Copy out each line of the data below in which "Small" appears.

→ **Dataset entries**:
- Opening Delimiter -

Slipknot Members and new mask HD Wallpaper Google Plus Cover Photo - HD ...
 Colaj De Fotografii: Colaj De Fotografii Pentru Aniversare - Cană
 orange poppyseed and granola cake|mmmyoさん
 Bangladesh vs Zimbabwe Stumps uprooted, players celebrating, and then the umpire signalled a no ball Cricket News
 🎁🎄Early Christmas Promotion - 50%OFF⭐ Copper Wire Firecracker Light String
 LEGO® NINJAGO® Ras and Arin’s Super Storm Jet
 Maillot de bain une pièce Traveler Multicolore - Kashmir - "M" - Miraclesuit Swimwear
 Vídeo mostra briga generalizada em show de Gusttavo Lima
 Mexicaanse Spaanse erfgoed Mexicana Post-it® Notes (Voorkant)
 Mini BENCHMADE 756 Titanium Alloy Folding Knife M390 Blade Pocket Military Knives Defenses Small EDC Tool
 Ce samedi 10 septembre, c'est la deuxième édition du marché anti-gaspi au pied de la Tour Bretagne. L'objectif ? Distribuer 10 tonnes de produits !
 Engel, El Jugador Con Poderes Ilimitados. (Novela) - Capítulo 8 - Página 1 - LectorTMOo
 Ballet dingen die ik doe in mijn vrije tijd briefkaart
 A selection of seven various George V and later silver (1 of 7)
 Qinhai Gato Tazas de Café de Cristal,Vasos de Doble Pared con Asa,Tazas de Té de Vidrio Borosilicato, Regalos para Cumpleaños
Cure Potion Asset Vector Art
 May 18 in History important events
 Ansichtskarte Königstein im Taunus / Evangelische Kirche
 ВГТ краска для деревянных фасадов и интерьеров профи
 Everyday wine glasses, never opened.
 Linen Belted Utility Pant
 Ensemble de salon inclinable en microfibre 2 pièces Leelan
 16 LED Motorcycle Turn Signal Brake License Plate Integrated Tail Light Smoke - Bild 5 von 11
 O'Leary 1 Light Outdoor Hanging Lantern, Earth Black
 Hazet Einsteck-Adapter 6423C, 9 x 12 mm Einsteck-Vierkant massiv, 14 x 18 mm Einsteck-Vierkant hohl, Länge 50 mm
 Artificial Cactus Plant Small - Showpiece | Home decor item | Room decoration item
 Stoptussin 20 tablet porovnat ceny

- Closing Delimiter -

→ **RESPONSE AREA**:
 Mini BENCHMADE 756 Titanium Alloy Folding Knife M390 Blade Pocket Military Knives Defenses Small EDC Tool
 Artificial Cactus Plant Small - Showpiece | Home decor item | Room decoration item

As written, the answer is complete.